Transcribe the data exactly, omitting whatever pictures it holds.

(Raw data begins)

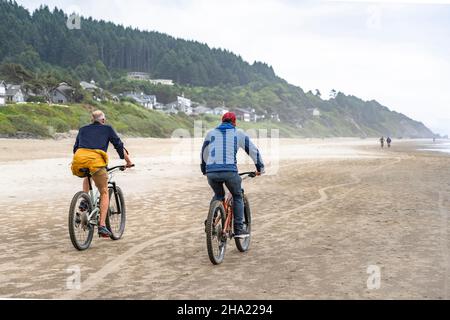 Due uomini dilettanti un padre anziano e un figlio giovane viaggiano fianco a fianco sulle biciclette di montagna lungo l'Oceano Pacifico nord-occidentale preferendo un lui attivo Foto Stock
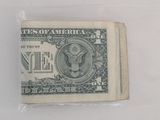 a close up of a one dollar bill on a white surface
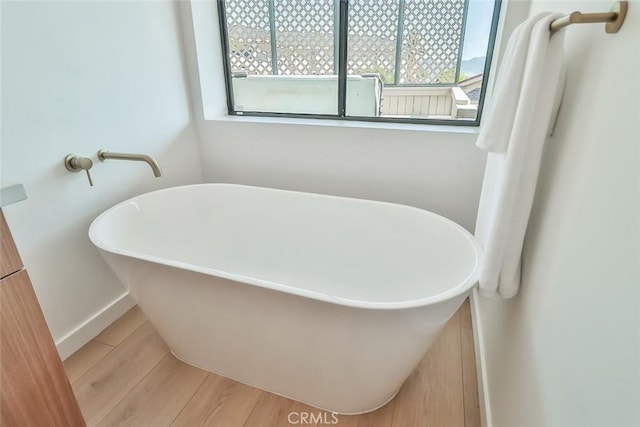 1369 Paseo Redondo, Burbank, CA 91501 - bathroom featuring plenty of natural light, a freestanding tub, and wood finished floors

(Raw data ends)

_Output for this exercise_:
 Due uomini dilettanti un padre anziano e un figlio giovane viaggiano fianco a fianco sulle biciclette di montagna lungo l'Oceano Pacifico nord-occidentale preferendo un lui attivo Foto Stock
 a close up of a one dollar bill on a white surface
 1369 Paseo Redondo, Burbank, CA 91501 - bathroom featuring plenty of natural light, a freestanding tub, and wood finished floors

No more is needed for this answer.